> **Try it**
Go through the lines below and repeat each one exactly, skipping pictures.

Items from a dataset:
+ + + + +
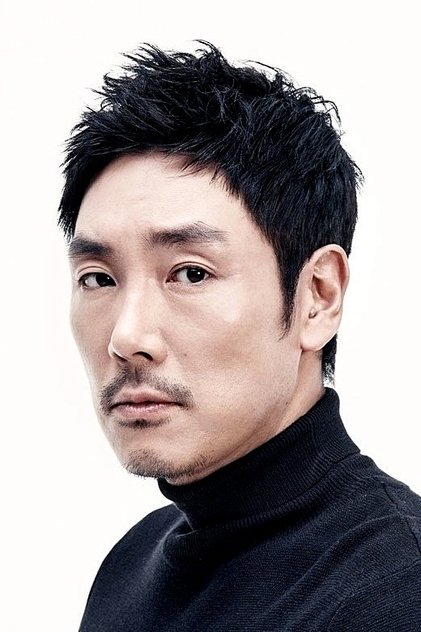 Zdjęcie 조진웅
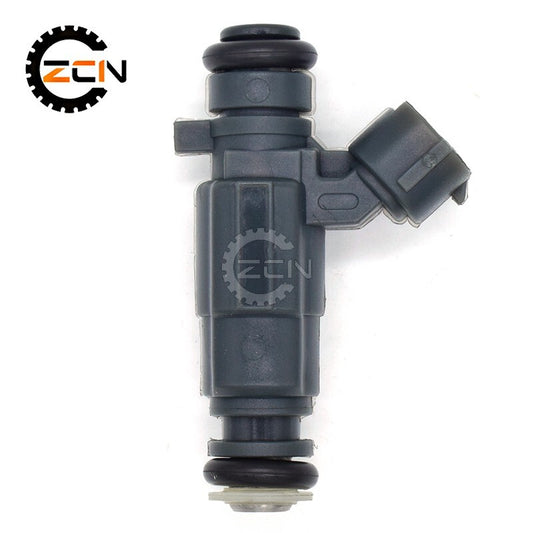 0280156105Fuel Injector for Audi Allroad Quattro 2003 2004 2005 4.2L DOHC Petrol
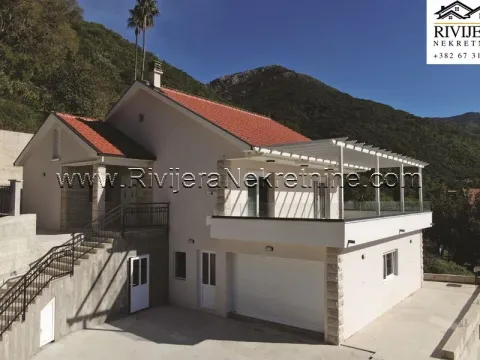 Prodaja, kuća, 220m², Zelenika, Herceg Novi - image 14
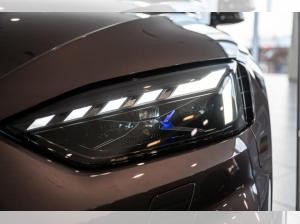 Audi RS5 RS 5 Sportback Individuallackierung exclusive - Cashmeregrau Perleffekt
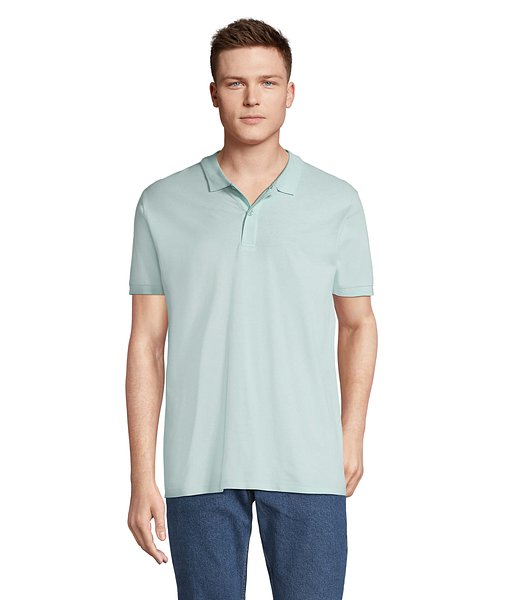 Männer Polo 170g Giuanini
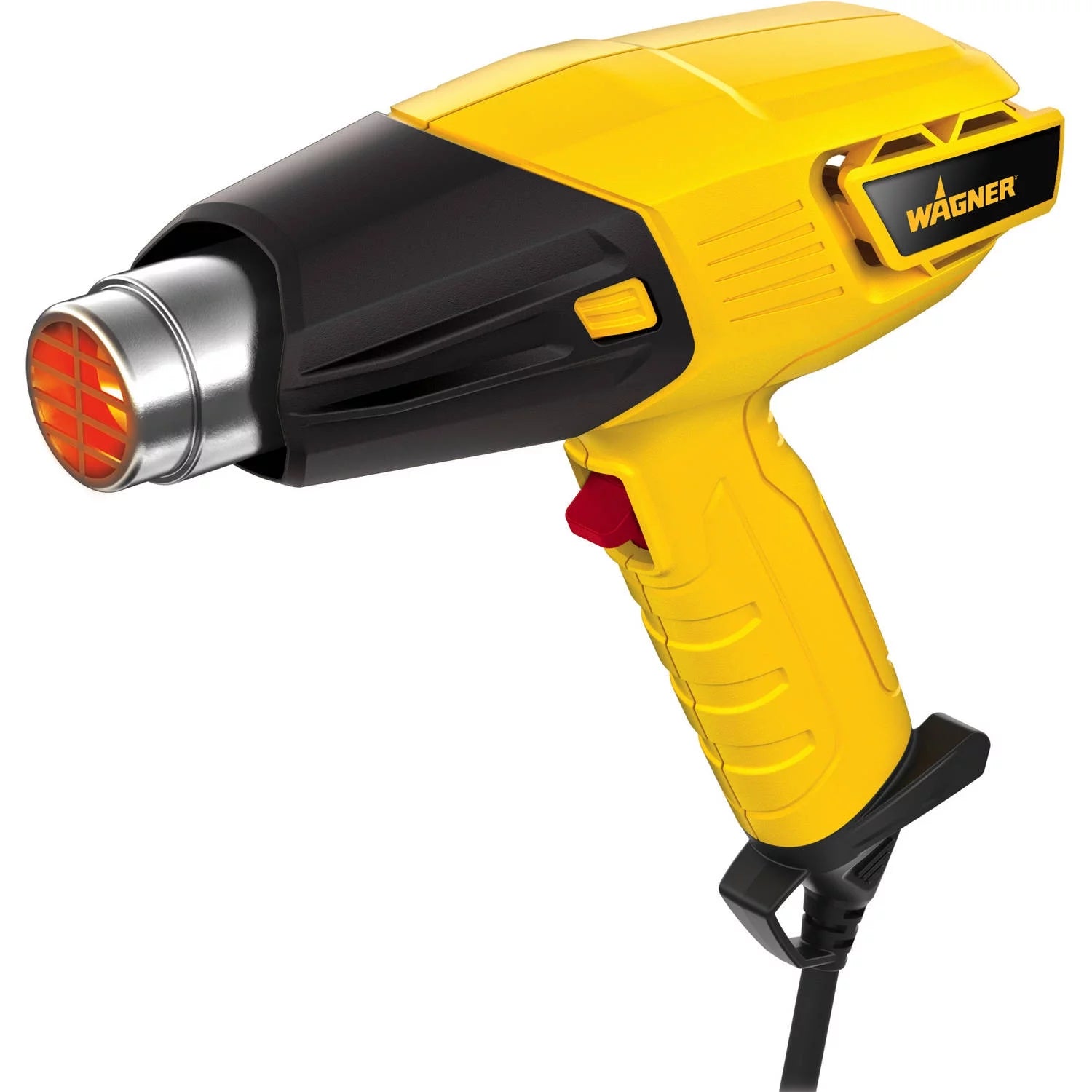 Wagner FURNO 300 Heat Gun, Dual Temperature Settings
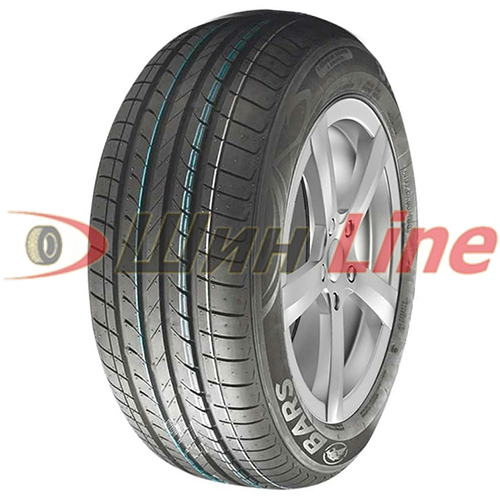 Легковая шина летняя Bars UZ200 185/55 R15 82V , фото 1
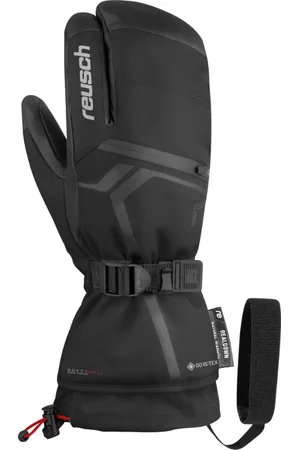 Reusch Skiwanten unisex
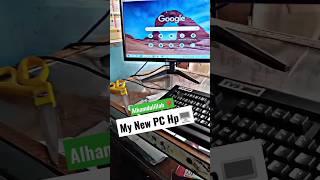 Best PC For Hp Computer ️ #shorts #pc #hp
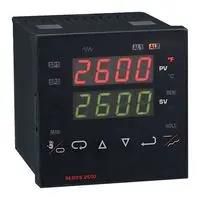 TEMP/PROCESS CONTROLLER, RELAY, 240VAC 26133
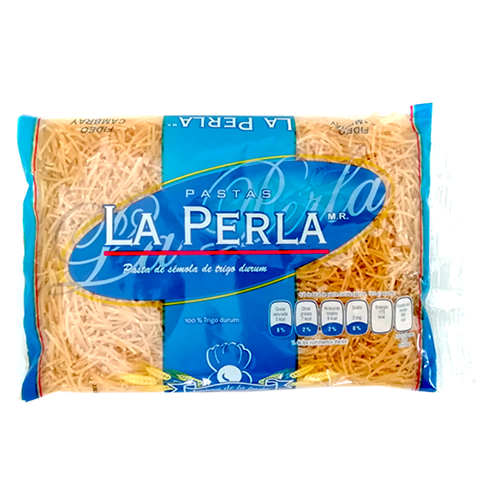 Sopa Perla 200Gr Fideo Cambray                                                                      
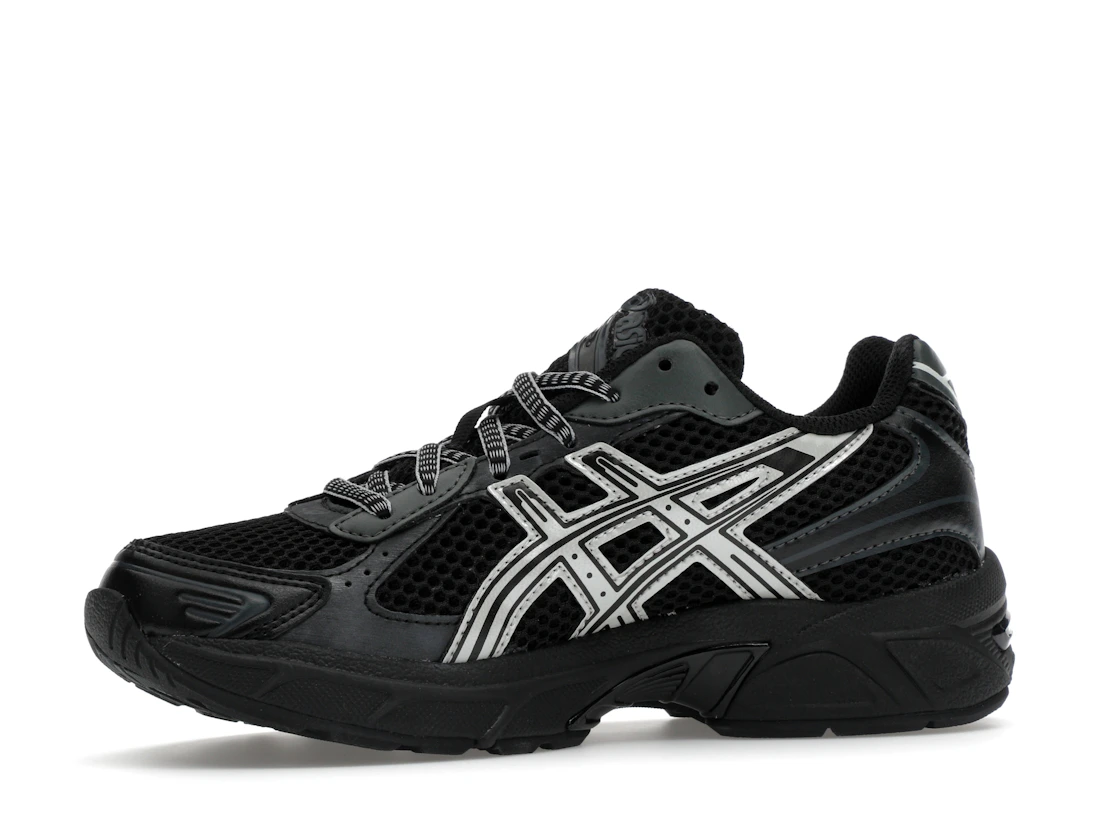 ASICS Gel-1130 Black Glacier Grey
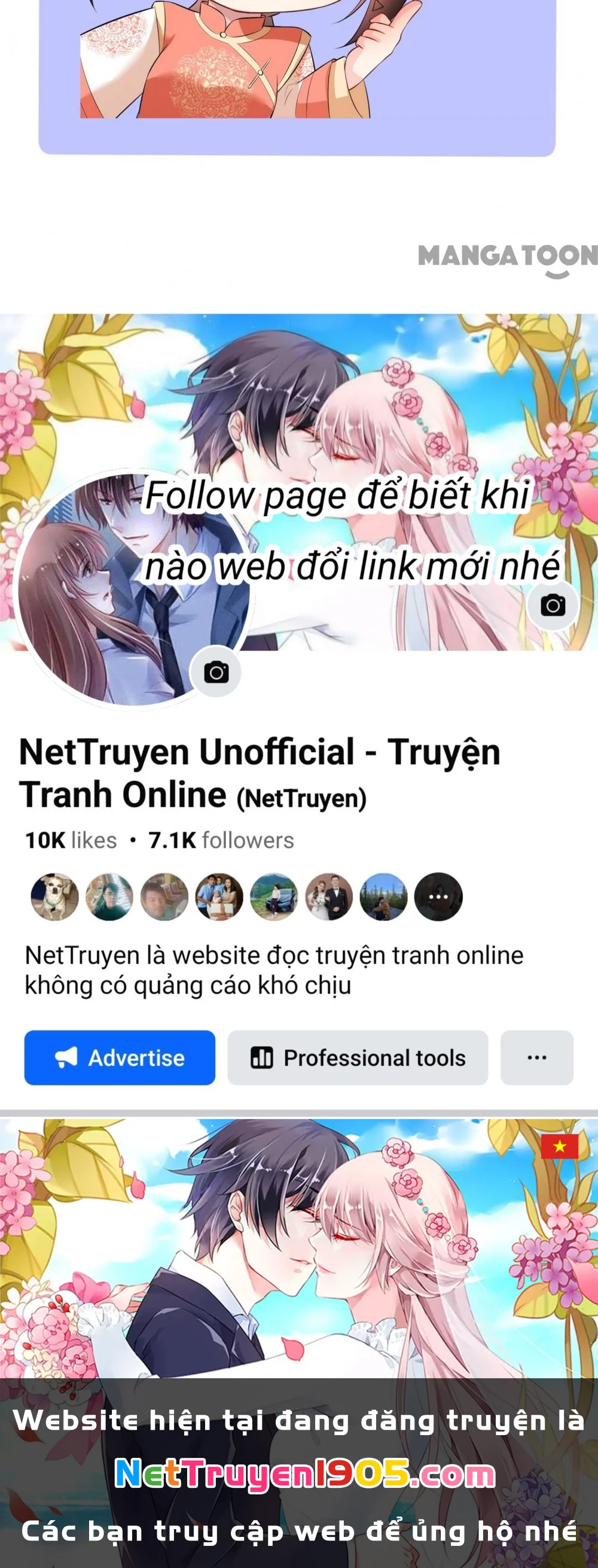 Quận Chúa Cẩn Thận, Đã Định Rồi Khó Đổi Lắm! Chapter 36 - 47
+ + + + +
> **Answer to the exercise**
 Zdjęcie 조진웅
 0280156105Fuel Injector for Audi Allroad Quattro 2003 2004 2005 4.2L DOHC Petrol
 Prodaja, kuća, 220m², Zelenika, Herceg Novi - image 14
 Audi RS5 RS 5 Sportback Individuallackierung exclusive - Cashmeregrau Perleffekt
 Männer Polo 170g Giuanini
 Wagner FURNO 300 Heat Gun, Dual Temperature Settings
 Легковая шина летняя Bars UZ200 185/55 R15 82V , фото 1
 Reusch Skiwanten unisex
 Best PC For Hp Computer ️ #shorts #pc #hp
 TEMP/PROCESS CONTROLLER, RELAY, 240VAC 26133
 Sopa Perla 200Gr Fideo Cambray                                                                      
 ASICS Gel-1130 Black Glacier Grey
 Quận Chúa Cẩn Thận, Đã Định Rồi Khó Đổi Lắm! Chapter 36 - 47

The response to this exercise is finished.